Any way to replay from broken task instead of playing from start?

bpabla50 · June 2, 2025, 8:10pm

Can someone please suggest on these two sub topics:

Suppose I have workflow like it installed in workflow/runname
A =>B =>C =>D1 =>D2 =>D3 , where D1-3 are the 3 instances of task D.

In order to play : cylc play workflow/runname , which runs all tasks.
Suppose task D2 failed. I fixed it, and I want to start from broken point..
What will be the syntax of “cylc play” say starting from task D2?

“cylc install” assumes that previous workflow/runname should not exist.
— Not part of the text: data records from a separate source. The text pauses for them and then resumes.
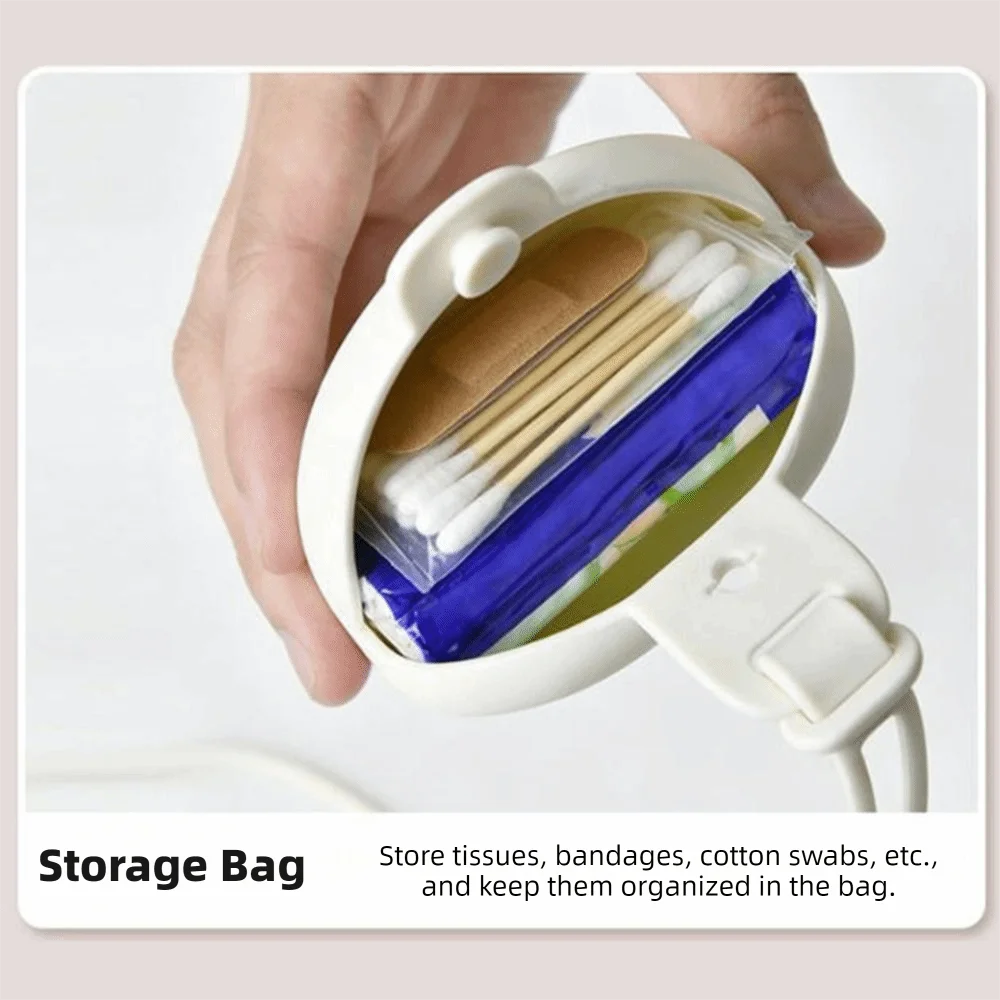 Portable Candy Color Silicone Denture Case Drain Holes Soft Orthodontic Container Protective Mouth Guard Container for Home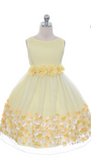 Flower girl communion lace chiffon dresses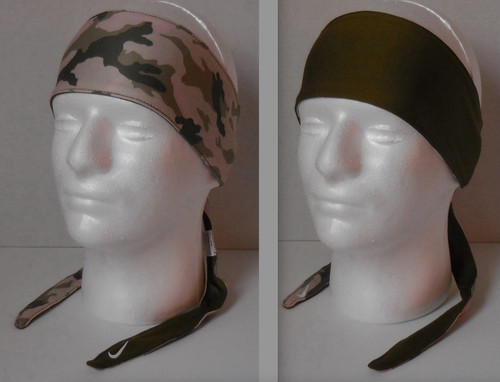Bandana reversibile stampata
I have to clean this directory, before I issue “cylc install”. Is there any way to force cylc install to overwrite previous workflow directory? If not, do we have “cylc clean” type of command to clean the previous workflow directory instead of “rm -rf”.

hilary.j.oliver · June 2, 2025, 10:15pm

cylc play naturally restarts from wherever the workflow got to previously, but if there’s a failed task present you have tell the scheduler what to do about that. Either:

manually retrigger the failed task after fixing it (cylc trigger)
or carry on as if it succeeded, by manually setting outputs (cylc set).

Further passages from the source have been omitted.